Friday, October 7, 2016

Fall for Dance 2016

On Thursday, October 6th, 2016, I went to see the Fall for Dance Festival performance at The New York City Center. Among the many companies who performed that evening was Jessica Lang Dance, The Royal Ballet Flanders, Alvin Ailey American Dance Theater, and Alina Cojocaru, Friedemann Vogel, Johan Kobborg, and The Sarasota Ballet.

During Cojocaru's, Vogel's, Kobborg, and The Sarasota Ballet's performance of Marguerite and Armand, their was a live pianist who accompanied the ballet. The ballet tells the story of Marguerite and Armand's love affair before Marguerite falls ill and dies.

There is a moment in the ballet when Cojocaru is lying on a fainting couch and coughing, about to succumb to her illness. I'm not certain what the key signature was, or even if there was one during this time, although the pianist had sheet music that he played from the entire ballet. In any case, the pianist was playing the coughs of Cojocaru in this scene. As a dancer, Cojocaru didn't actually make the noise of the cough, but merely opened her mouth and did the contracting motion that looked like coughing.
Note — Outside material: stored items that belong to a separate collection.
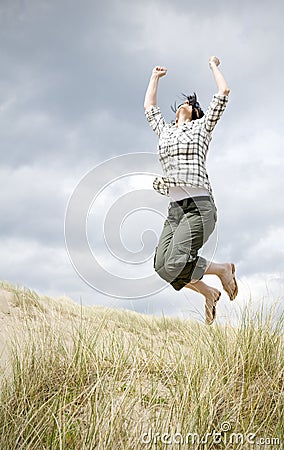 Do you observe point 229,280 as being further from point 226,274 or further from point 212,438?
point 212,438

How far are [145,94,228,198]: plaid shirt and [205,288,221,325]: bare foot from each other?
3.14ft

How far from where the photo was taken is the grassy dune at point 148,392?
3088 mm

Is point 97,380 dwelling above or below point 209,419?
above

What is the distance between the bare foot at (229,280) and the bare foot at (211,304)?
15 cm

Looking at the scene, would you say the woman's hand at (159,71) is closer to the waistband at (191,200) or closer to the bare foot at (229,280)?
the waistband at (191,200)

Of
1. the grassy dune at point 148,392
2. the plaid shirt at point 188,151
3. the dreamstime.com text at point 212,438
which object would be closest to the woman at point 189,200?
the plaid shirt at point 188,151

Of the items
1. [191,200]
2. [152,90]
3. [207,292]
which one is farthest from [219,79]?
[207,292]

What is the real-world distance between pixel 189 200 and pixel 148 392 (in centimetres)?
182

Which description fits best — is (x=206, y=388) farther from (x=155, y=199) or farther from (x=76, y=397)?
(x=155, y=199)

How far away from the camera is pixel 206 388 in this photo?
3.42 meters

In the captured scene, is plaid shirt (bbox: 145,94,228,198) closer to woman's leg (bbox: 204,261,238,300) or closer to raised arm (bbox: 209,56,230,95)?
raised arm (bbox: 209,56,230,95)

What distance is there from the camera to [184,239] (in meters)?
4.67

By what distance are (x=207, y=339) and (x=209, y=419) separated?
949 mm

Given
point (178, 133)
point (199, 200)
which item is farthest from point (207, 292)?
point (178, 133) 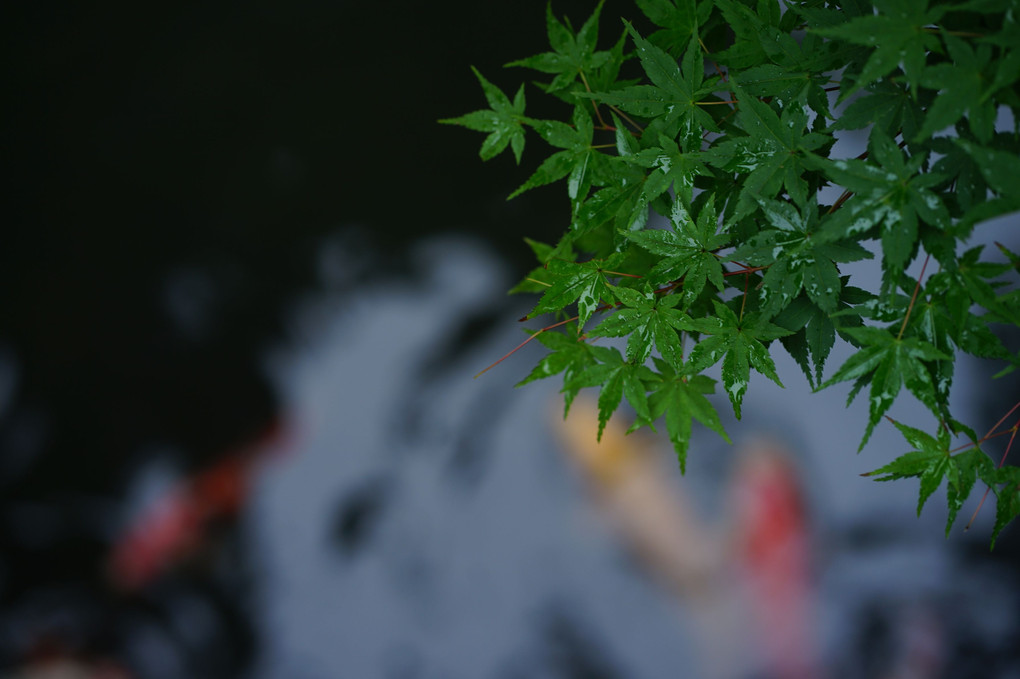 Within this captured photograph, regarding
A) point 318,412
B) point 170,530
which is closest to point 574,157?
point 318,412

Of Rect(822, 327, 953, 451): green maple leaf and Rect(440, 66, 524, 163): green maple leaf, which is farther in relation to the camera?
Rect(440, 66, 524, 163): green maple leaf

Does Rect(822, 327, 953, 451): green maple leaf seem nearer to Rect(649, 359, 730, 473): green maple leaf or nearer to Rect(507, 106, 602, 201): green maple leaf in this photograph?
Rect(649, 359, 730, 473): green maple leaf

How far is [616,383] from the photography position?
2.42ft

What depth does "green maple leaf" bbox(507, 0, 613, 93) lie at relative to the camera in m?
0.76

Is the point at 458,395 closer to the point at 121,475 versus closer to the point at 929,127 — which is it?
the point at 121,475

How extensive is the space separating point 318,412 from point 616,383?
1373 mm

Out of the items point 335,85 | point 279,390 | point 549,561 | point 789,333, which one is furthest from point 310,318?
point 789,333

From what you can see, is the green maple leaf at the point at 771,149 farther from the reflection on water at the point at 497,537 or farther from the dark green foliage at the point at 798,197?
the reflection on water at the point at 497,537

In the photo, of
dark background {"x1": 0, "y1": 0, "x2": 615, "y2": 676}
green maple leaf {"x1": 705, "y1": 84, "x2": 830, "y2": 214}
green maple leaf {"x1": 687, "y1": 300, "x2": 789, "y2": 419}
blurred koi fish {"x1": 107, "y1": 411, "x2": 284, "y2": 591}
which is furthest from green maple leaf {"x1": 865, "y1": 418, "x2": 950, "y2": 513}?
blurred koi fish {"x1": 107, "y1": 411, "x2": 284, "y2": 591}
But I thought it was amazing how in sync the pianist a Cojocaru were at this time, as if she were coughing piano notes. It was unlike anything I'd ever seen.

In addition to this, the phrasing of the music was also made to evoke, not just the sad and dark feeling of someone dying from an illness, but also the rhythm patterns and pitches of actual coughing. It gave the ballet a very realistic, eery feeling that made it come alive.